## Problem requirements
In the records below, the relevant part opens with the line containing "Comodidade do quarto Foto" and closes with the line containing "Tài xế đánh"; print that part exactly and only, without its pictures.

## Working data
· · · · · · ·
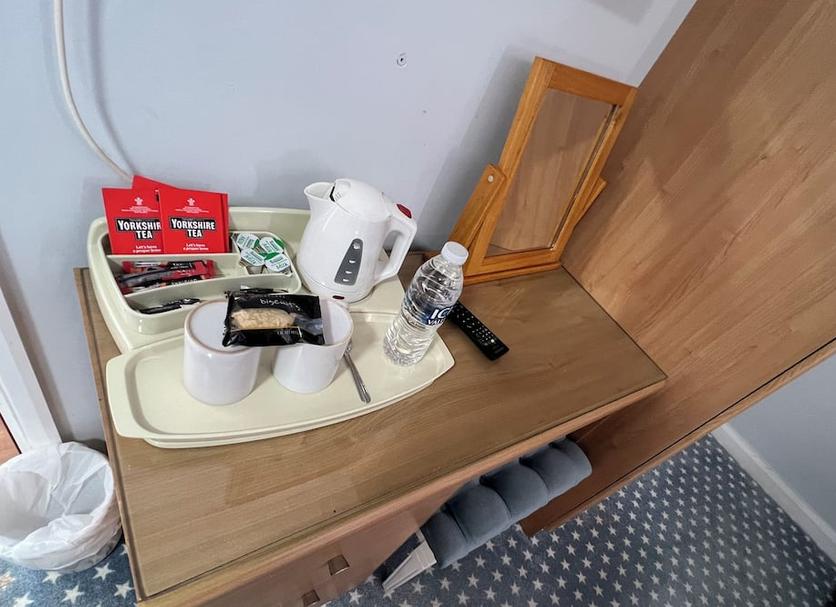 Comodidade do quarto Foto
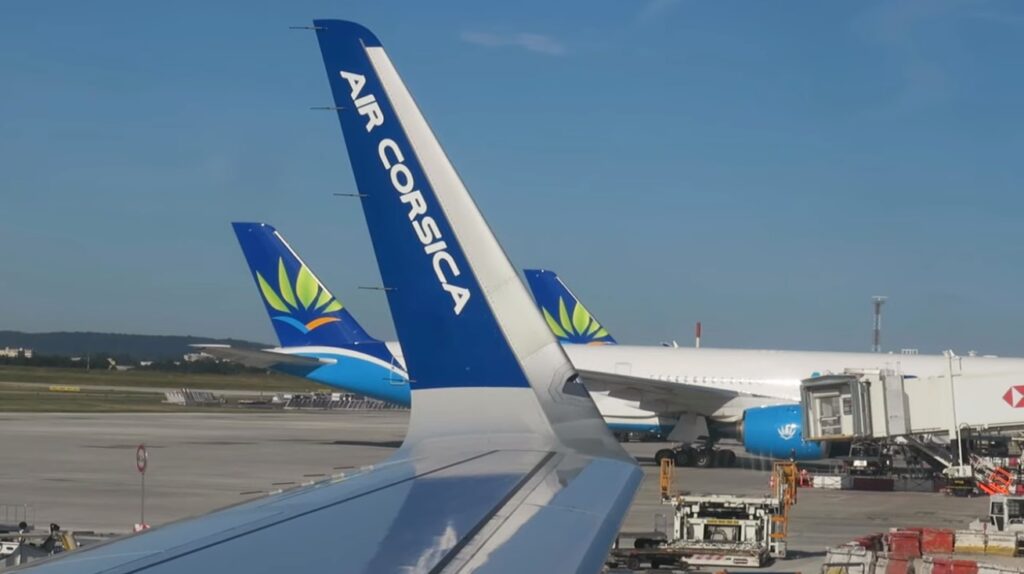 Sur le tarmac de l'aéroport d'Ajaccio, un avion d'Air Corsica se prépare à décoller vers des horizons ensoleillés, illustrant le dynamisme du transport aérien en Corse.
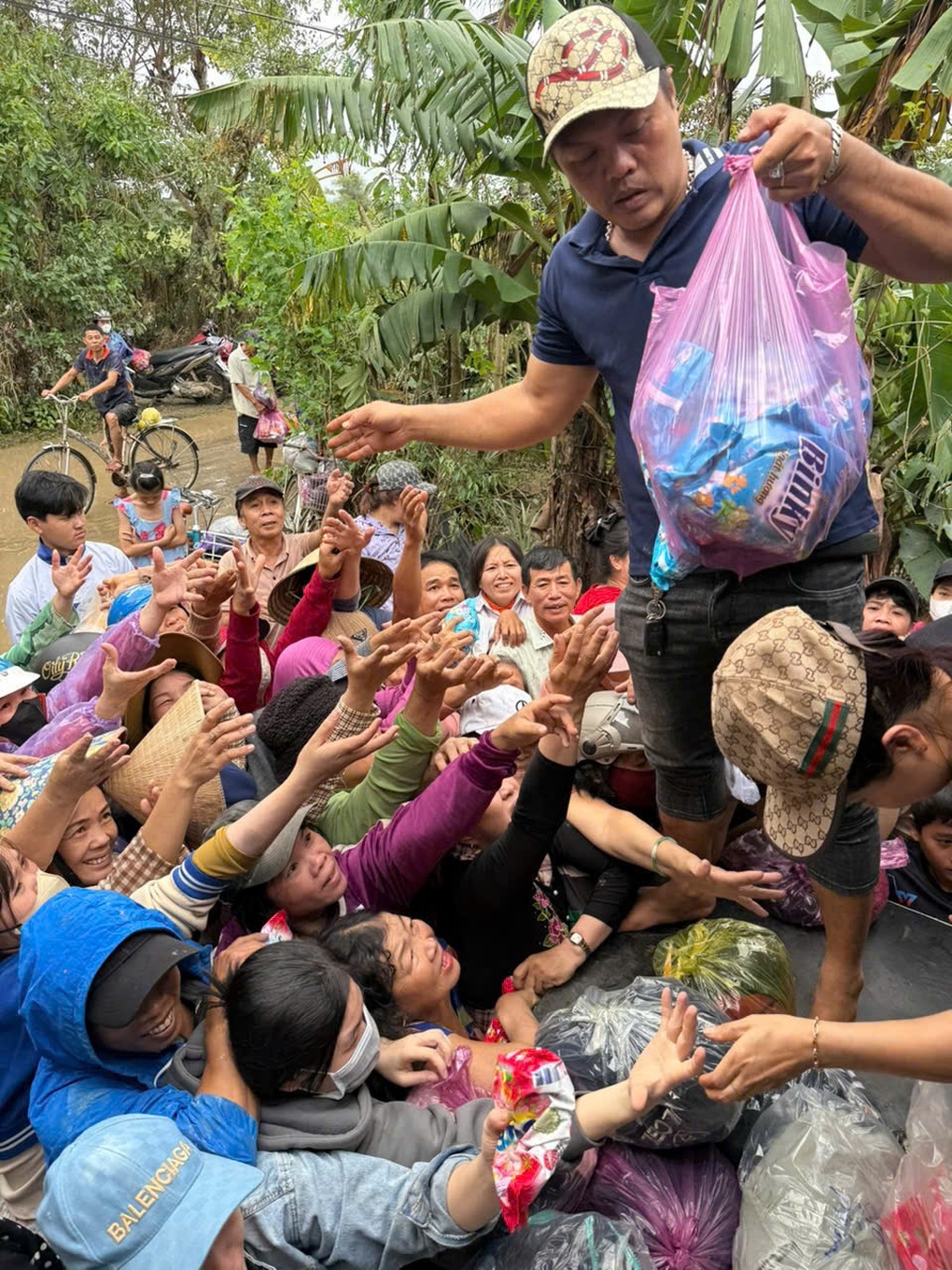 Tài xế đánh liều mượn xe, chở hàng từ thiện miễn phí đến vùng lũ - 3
· · · · · · ·
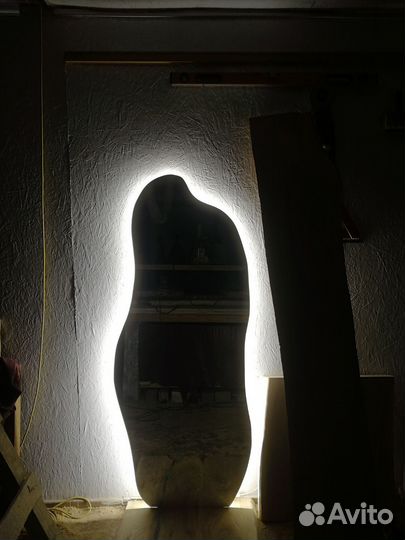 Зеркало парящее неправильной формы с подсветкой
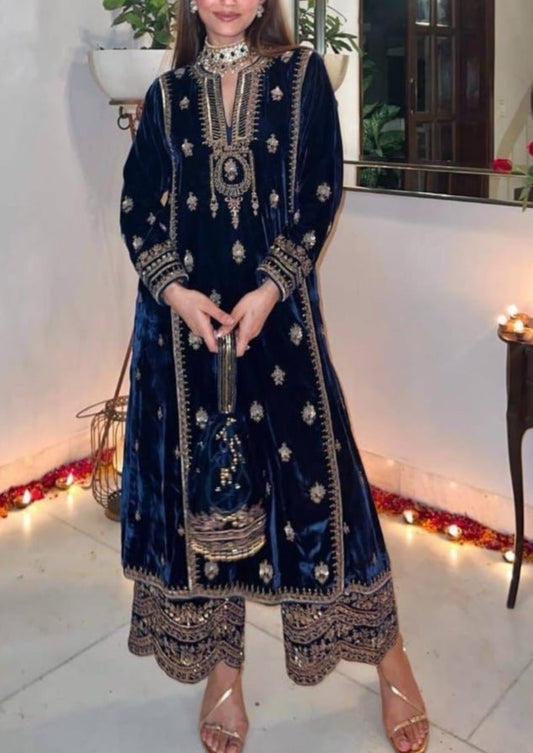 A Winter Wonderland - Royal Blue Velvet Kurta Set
· · · · · · ·
## Answer section
 Comodidade do quarto Foto
 Sur le tarmac de l'aéroport d'Ajaccio, un avion d'Air Corsica se prépare à décoller vers des horizons ensoleillés, illustrant le dynamisme du transport aérien en Corse.
 Tài xế đánh liều mượn xe, chở hàng từ thiện miễn phí đến vùng lũ - 3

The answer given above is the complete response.